Basically, every time we’ve needed to improve capacity in constrained environments – whether that constraint was economic or physical – we’ve seen the introduction of optimizing hardware components.

The DPU, currently the darling du jour thanks to NVIDIA and rising interest in AI and ML related applications, is the current manifestation of our efforts to overcome physical constraints on compute.

The Role of the DPU at the Edge

Environments like edge need the power boost that comes from hardware-optimized compute. Whether it’s for use in manufacturing, where IIoT (Industrial Internet of Things) requires real-time processing of data with extremely low latency (less than 20ms), or in healthcare where the speed of processing for health data can mean the difference between life and death, hardware-optimized compute is a requirement.
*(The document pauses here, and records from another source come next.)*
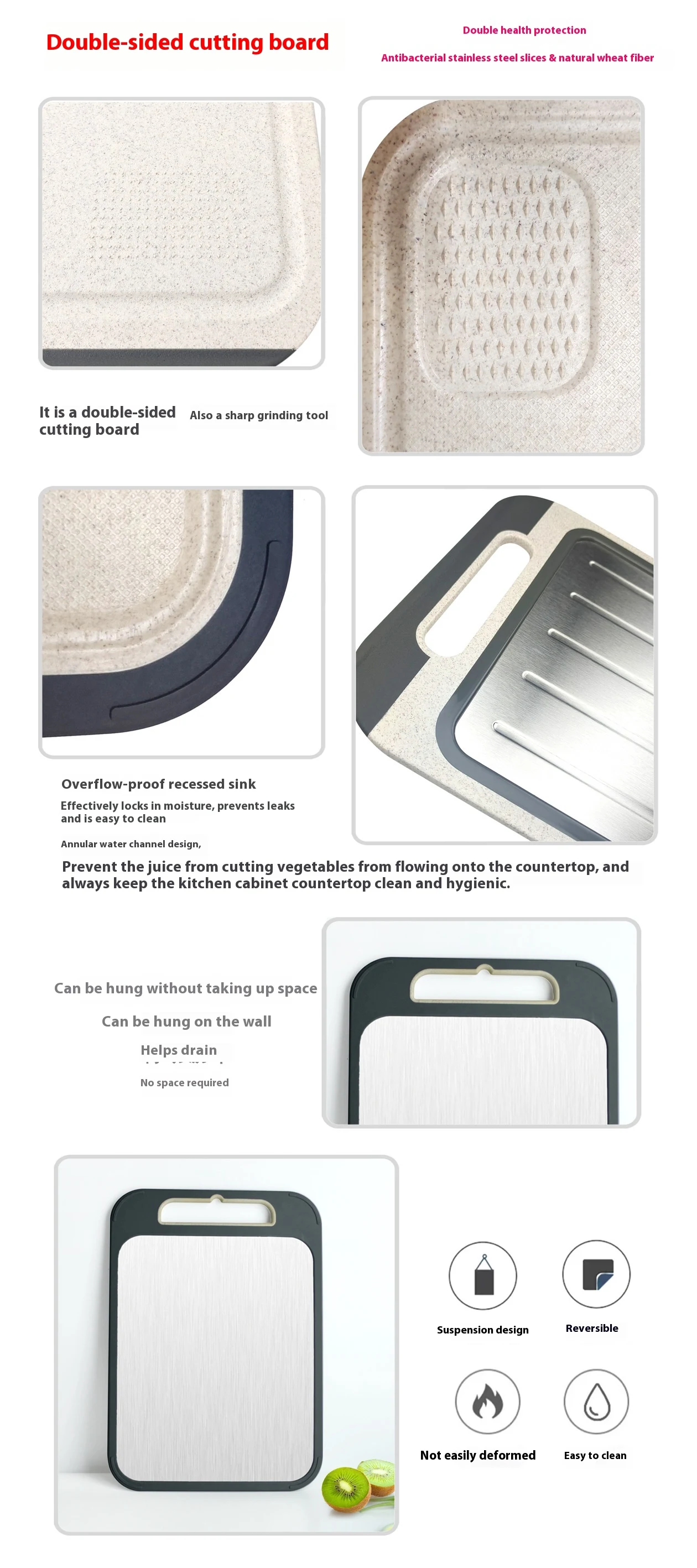 Title 5, 304 Stainless Steel Double-sided Cutting Board....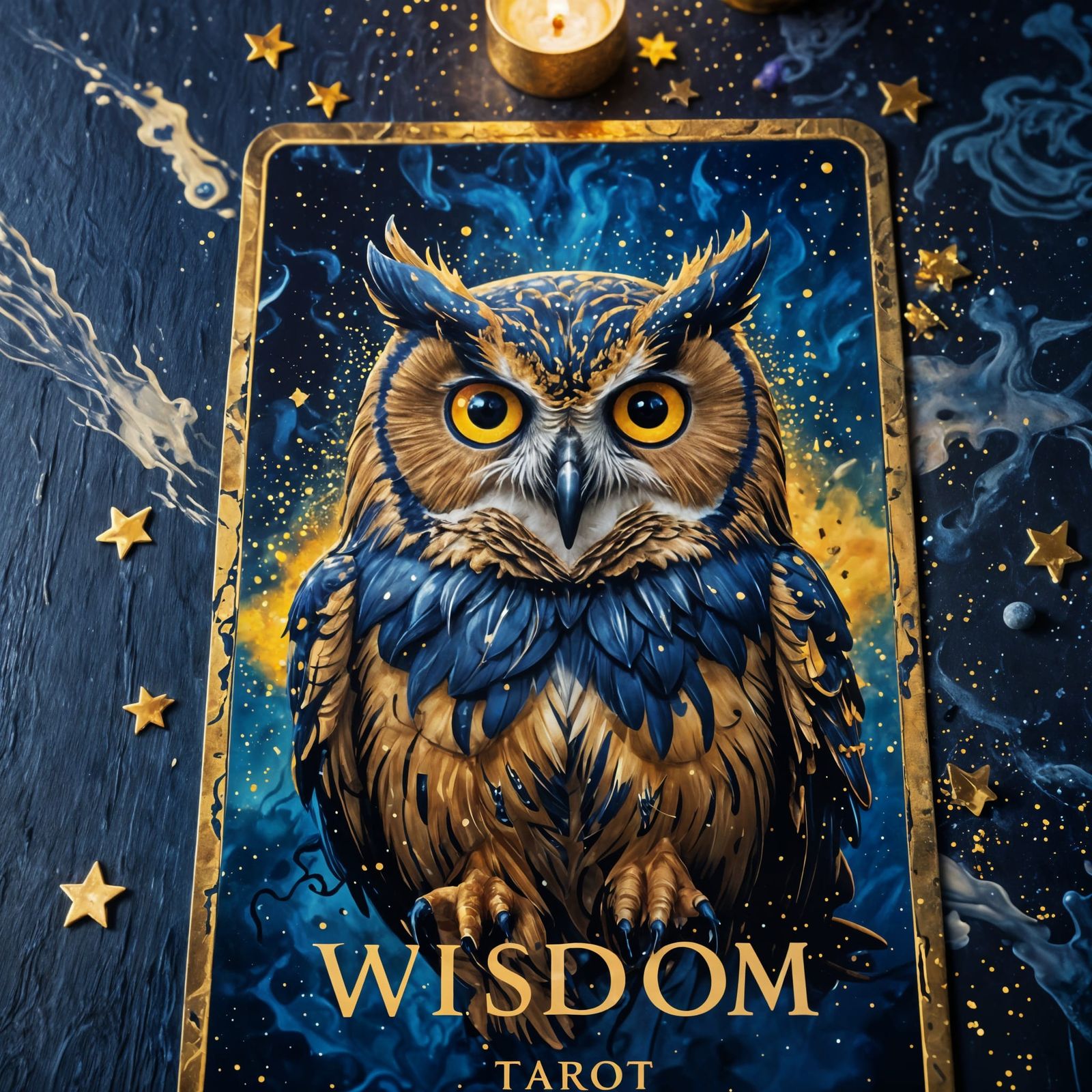 Cosmic Owl Tarot Card in Surrealist Style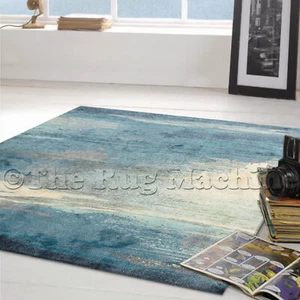 JUNO BLUE MODERN CLOUD SKY STYLE TRENDY FLOOR RUG 150x220cm **NEW** - Picture 1 of 3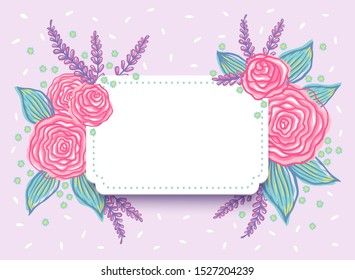 Vector template for wedding invitation. Vector wedding greeting card in floral style. Wedding invitation with roses.
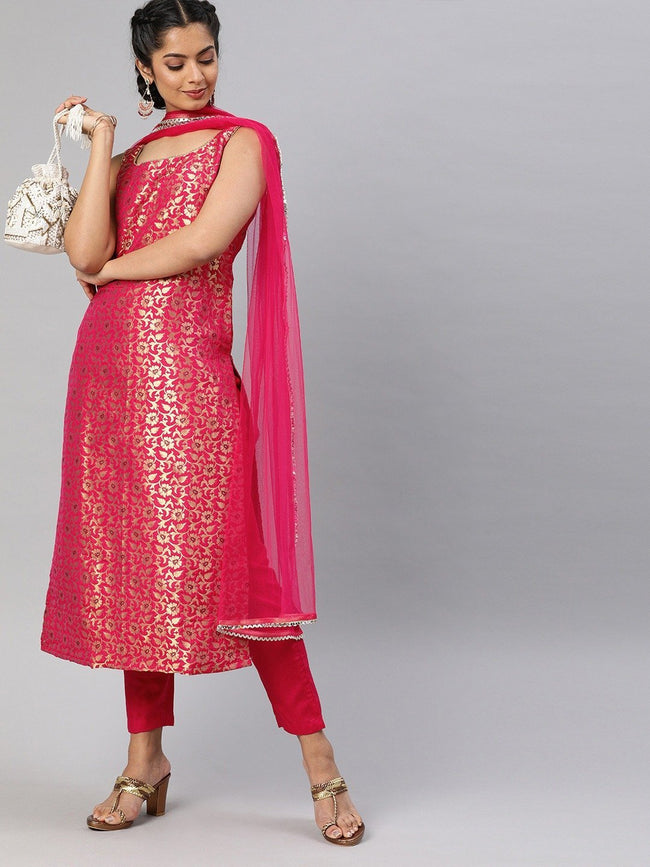 Buy Rose Pink Brocade Zardozi Embroidered Kurti Sharara Set by SHYAM  NARAYAN PRASAD at Ogaan Online Shopping Site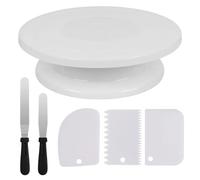 Base Giratoria Tartas Kit de herramientas for hacer pasteles 7 piezas | For decorar incluye plato giratorio de plástico for glaseado, nivelador de pasteles más suave/espátula(6pcs white)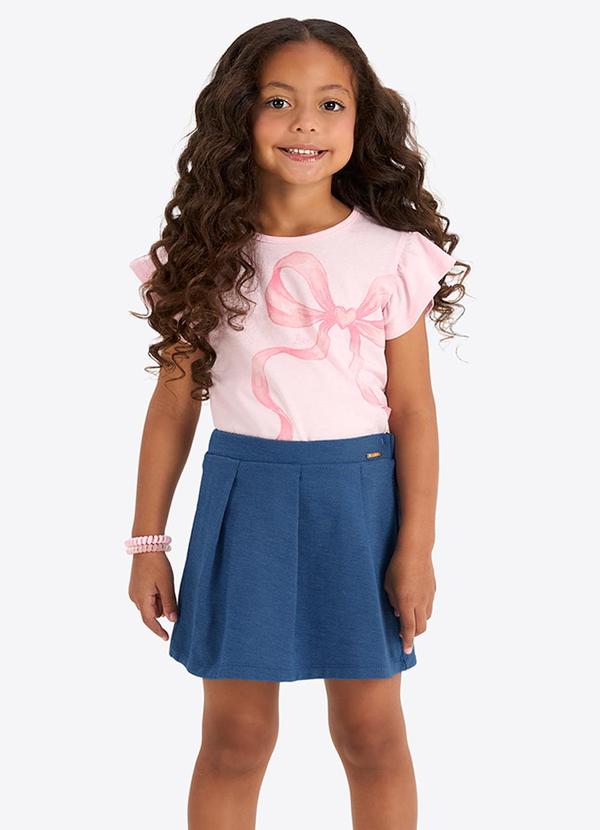 Blusa Verão Menina com Strass Rosa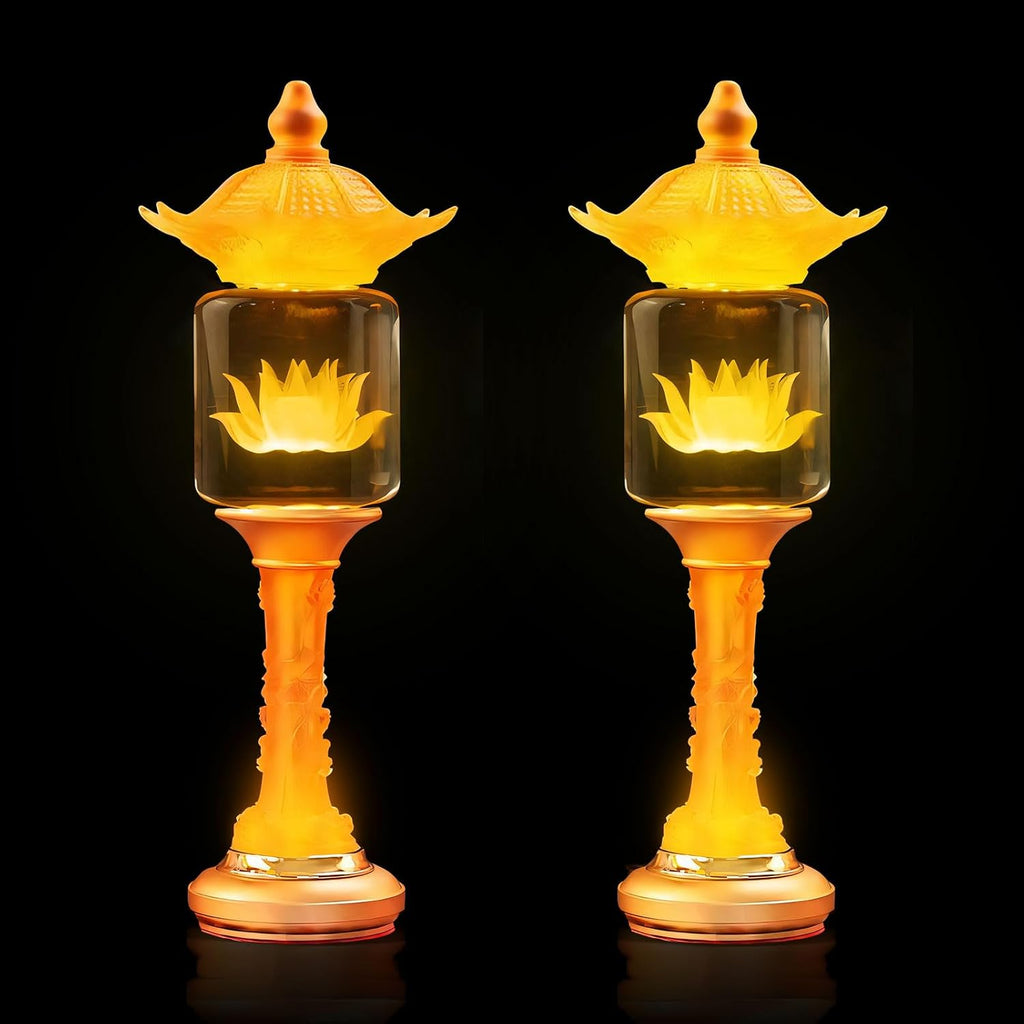 11 Inch LED Lotus Flower Lamp, Multi-Color Adjustable Buddha Light for Home Altar, Indoor Meditation Night Light with Crystal Base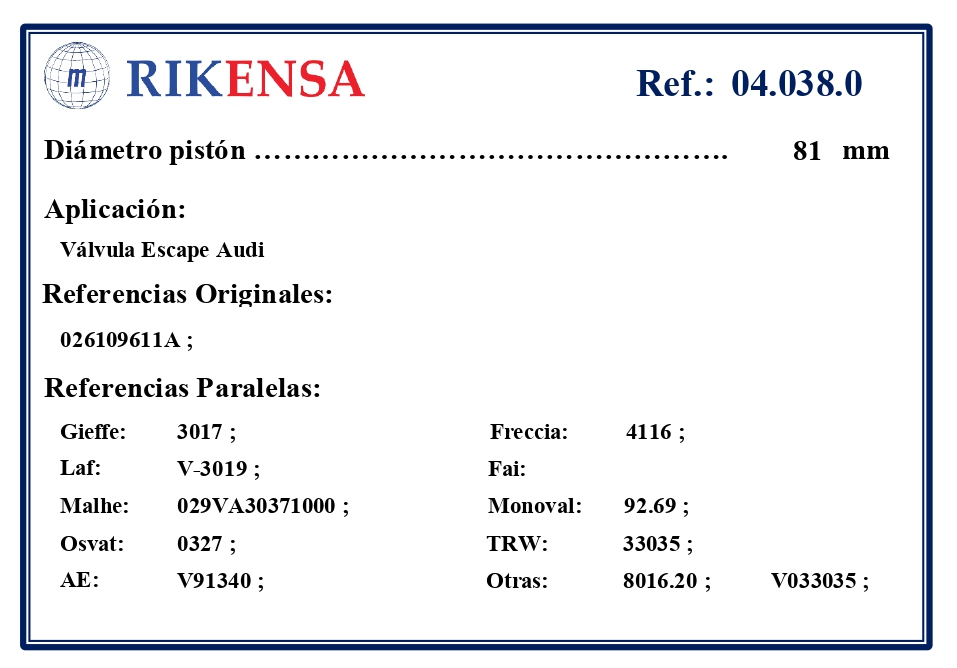 EQUIVALENCIAS ORIGINALES Y PARALELAS VALVULAS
That means that any application-centric platform seeking to enable organizations to take advantage of edge must include hardware-optimized compute as a key capability.

The DPU represents a democratization of optimized compute power. Combined with the right software stack and enabled by the right platform, the edge will be able to offer the same efficiencies and benefits to the enterprise currently enjoyed by large, hyperscale providers.

That’s why we continue to work with partners like NVIDIA. While software is eating everything – including the edge – it is still hardware that powers everything. And that power can be increased without requiring more space by taking advantage of hardware-optimization.